Underlying this sequence of reforms is the need for fundamental changes in legal infrastructure and in the skills of the finance industry, which may take time and patience to develop. To see this take place, two deep-rooted changes must occur—the private sector should develop to a level where it can provide high-quality retail and wholesale payment services and the legal system must reach a level where there is a satisfactory degree of certainty attached to payment transactions. Not surprisingly, the existing legal systems in the countries under review are not yet well adapted to supporting modern payment systems, with the result that there is a considerable task ahead. In developed market economies, payment system rules have developed over many years from private agreements to detailed statutory rules. It may be a mistake for a country that has just recently developed as a market economy to establish detailed statutory rules before the needs of the participants are clearly understood.

Initially, rules for payment systems may best be located in interbank agreements rather than in statutes. These agreements may be replaced by regulations or a statute as the size and importance of the payment system increase and stabilize.

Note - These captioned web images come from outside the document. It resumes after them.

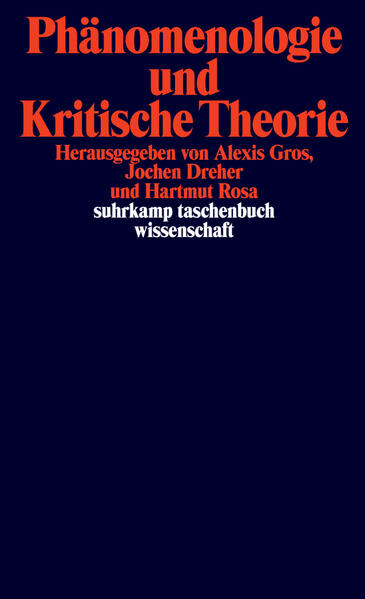 Produktbild: Phänomenologie und Kritische Theorie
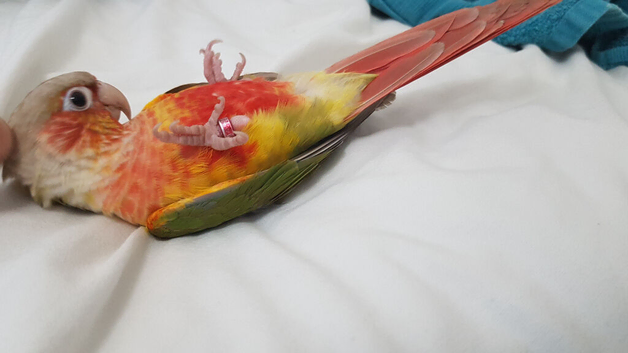 2 x Hand reared tame talking conure parrots.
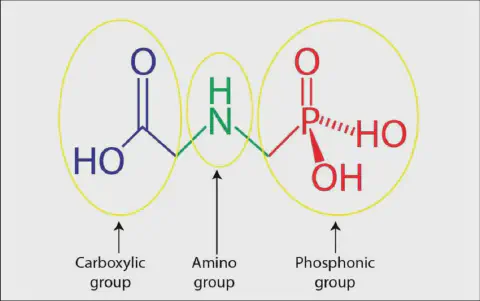 diagrama da estrutura química da molécula de glifosato, um dos herbicidas mais utilizados na agricultura mu
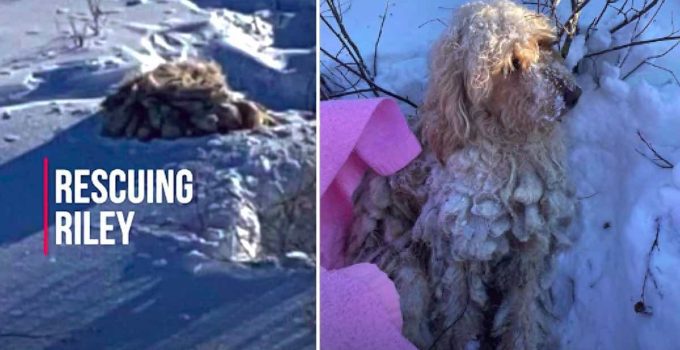 Stray Golden Doodle Found Huddled in Snow After Blizzard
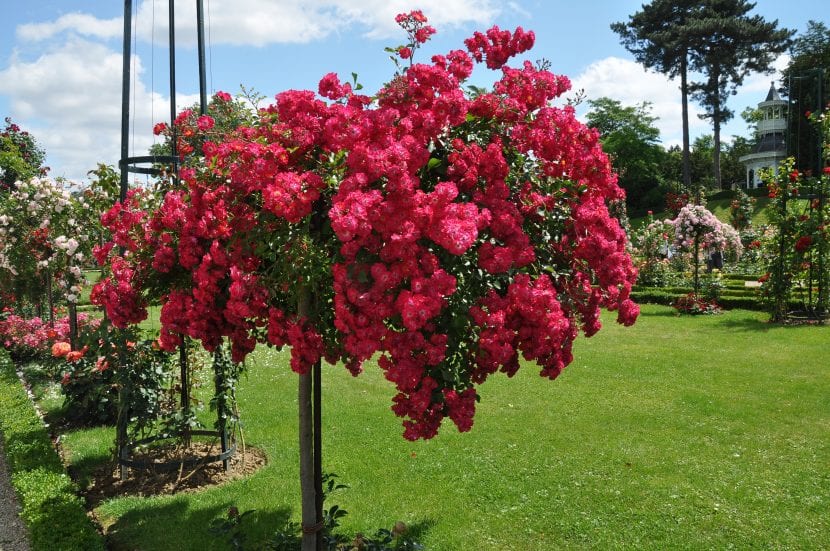 Sevillian rose plante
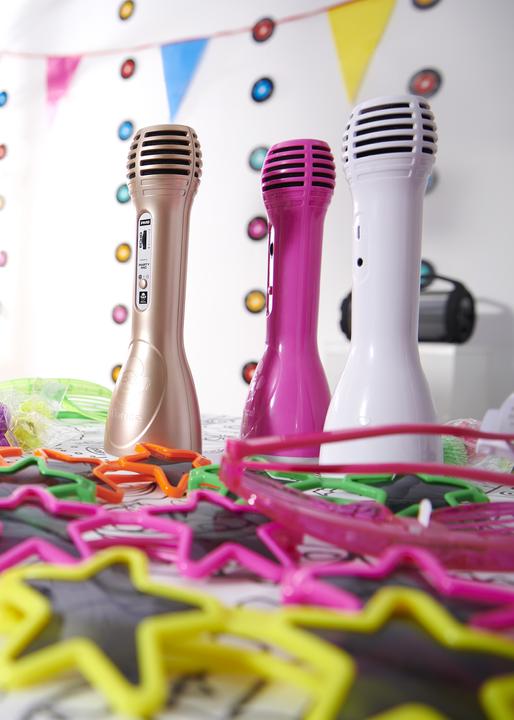 Actual product image Idance Party Mic PM-6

Ultimately, the rules for a mature payment system may best be established by statute.

Countries where these more fundamental and intractable issues are moving to the forefront are more likely to find answers from their own central banks rather than outside experts as they continuously monitor emerging trends and develop understanding of the particular problems faced in their own countries. In terms of technical assistance needs, the only country that still needs the type of extensive advice offered to the countries at the start of their transition toward market-based economies is Tajikistan. There, the fundamentals of allocating staff in the central bank to payment issues, starting consultations with banks, and developing an understanding of what may be involved in payment system reform are still priorities.

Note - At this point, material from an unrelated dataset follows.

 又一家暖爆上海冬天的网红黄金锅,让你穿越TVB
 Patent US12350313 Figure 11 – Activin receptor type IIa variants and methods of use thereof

Some of the Group II countries are close to achieving significant efficiency gains through electronic processing of payment orders, and have largely completed account consolidation projects and established reasonable central bank discipline over the credit facilities available to banks. These countries now need to develop forward-looking plans to provide upgraded risk management to support expanded financial and other market activities. There are sufficient staff in the central banks of these countries to do this job themselves, but they are still likely to benefit from regular exposure to the experiences of the 15 countries and mature market economies. One model for encouraging exposure to outside experiences is through regular forums such as the payment system workshops organized by the IMF’s Monetary and Exchange Affairs department. Another possibility is to establish a panel of outside advisors, as has been done in Russia in the form of the International Steering Committee. In addition, various countries may need outside experts to provide specific technical advice as general proposals need to be turned into concrete projects.

For those countries where progress with reform has been only a relatively recent development—such as Azerbaijan, Georgia, and Turkmenistan—certain strategic issues, while apparently resolved, may still need to be reaffirmed by outside experts on a continuing basis to prevent backtracking.

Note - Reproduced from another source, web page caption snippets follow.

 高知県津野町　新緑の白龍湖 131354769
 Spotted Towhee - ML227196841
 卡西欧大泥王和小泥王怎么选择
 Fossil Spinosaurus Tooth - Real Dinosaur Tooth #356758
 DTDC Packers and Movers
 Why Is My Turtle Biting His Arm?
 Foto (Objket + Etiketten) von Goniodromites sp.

The remaining challenges for all 15 countries are the development of policies that encourage the growth of competition and innovation in private sector provision of payment services. Central banks will need to encourage commercial banks to play an increasing role in the payment system, and the legal and regulatory framework must be modified to promote confidence in payment instruments and clearing and settlement arrangements.

1

Details on the features of the payment systems in individual countries are provided in Chapter 8, Table 8.9.

2

Data on foreign currency deposits do not indicate an increase in dollarization.